HIV is evolving rapidly to escape the human immune system, an international study led by Oxford University has shown. The findings, published in Nature, demonstrate the challenge involved in developing a vaccine for HIV that keeps pace with the changing nature of the virus.

‘The extent of the global HIV epidemic gives us a unique opportunity to examine in detail the evolutionary struggle being played out in front of us between an important virus and humans,’ says lead researcher Professor Philip Goulder of the Peter Medawar Building for Pathogen Research at Oxford University.

‘Even in the short time that HIV has been in the human population, it is doing an effective job of evading our best efforts at natural immune control of the virus. This is high-speed evolution that we’re seeing in the space of just a couple of decades.’

HIV has already killed 25 million people, and an estimated 33 million are currently infected. However, HIV does not kill all people at the same rate. On average, an adult with HIV will survive for ten years without anti-HIV drugs before developing AIDS. But some people will progress to AIDS within 12 months while others can make effective immune responses to the virus and survive without any anti-HIV therapy for over 20 years.

Genes encoding a key set of molecules in the human immune system called the human leucocyte antigens (HLA) are critically important. HLA determine the progress of many infectious diseases including HIV, and enable the recognition and killing of HIV-infected cells. Humans differ from each other in the exact HLA genes they have, and small differences can make the difference in how long it takes to progress to AIDS.

The extent of the global HIV epidemic gives us a unique opportunity to examine in detail the evolutionary struggle being played out in front of us between an important virus and humans.

Professor Philip Goulder

The research team set out to determine whether HIV is adapting to human immune responses. They looked at HIV genetic sequences in different countries around the world, including the UK, South Africa, Botswana, Australia, Canada, and Japan, wanting to see whether the HIV sequences could be related to the different HLA genes present in the different populations.

The collaboration between Oxford University, the Ragon Institute at Massachusetts General Hospital, Kumamoto University in Japan, the Royal Perth Hospital and Murdoch University in Australia and others analysed the genetic sequences of the HIV virus and human leucocyte antigen (HLA) genes in over 2,800 people.

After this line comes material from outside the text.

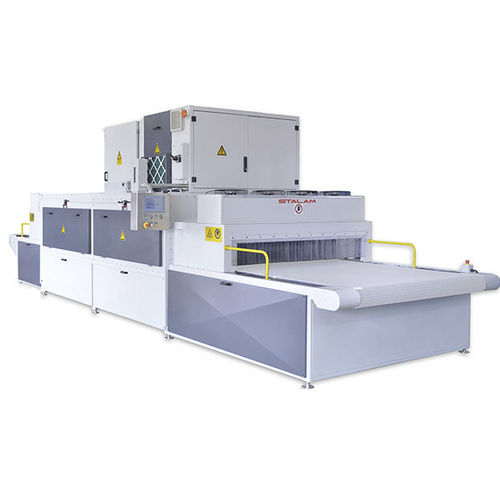 Радиочастотная сушилка непрерывного действиядля текстильной промышленностигоризонтальная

The work was funded by a number of organisations including the Wellcome Trust, the Medical Research Council, the US National Institutes of Health, and Oxford’s James Martin 21st Century School.

Mutations that allow HIV to get round immune responses directed by a particular HLA gene were found more frequently in populations with a high prevalence of that HLA gene. This is strong evidence for HIV adaptation to the human immune system at the level of populations.

‘Where a favourable HLA gene is present at high levels in a given population, we see high levels of the mutations that enable HIV to resist this particular gene effect,’ says author Professor Rodney Phillips, co-director of the James Martin Institute for Emerging Infections at Oxford University. ‘The virus is outrunning human variation, you might say.’

‘The temptation is to see this as bad news, that these results mean the virus is winning the battle,’ says Professor Goulder. ‘That’s not necessarily the case. It could equally be that as the virus changes, different immune responses come into play and are actually more effective.’

The results are important because it is our most effective immune responses that vaccines against HIV would try and boost to a level that would protect against the virus.

‘The implication is that once we have found an effective vaccine, it would need to be changed on a frequent basis to catch up with the evolving virus, much like we do today with the flu vaccine,’ explains Professor Goulder.

‘In this anniversary year of Darwin’s birth, we are accustomed to think of evolution happening over thousands, tens of thousands and even millions of years,’ says Professor Goulder. ‘But we are seeing changes in HIV, and our immune response to the virus, in just a couple of decades.’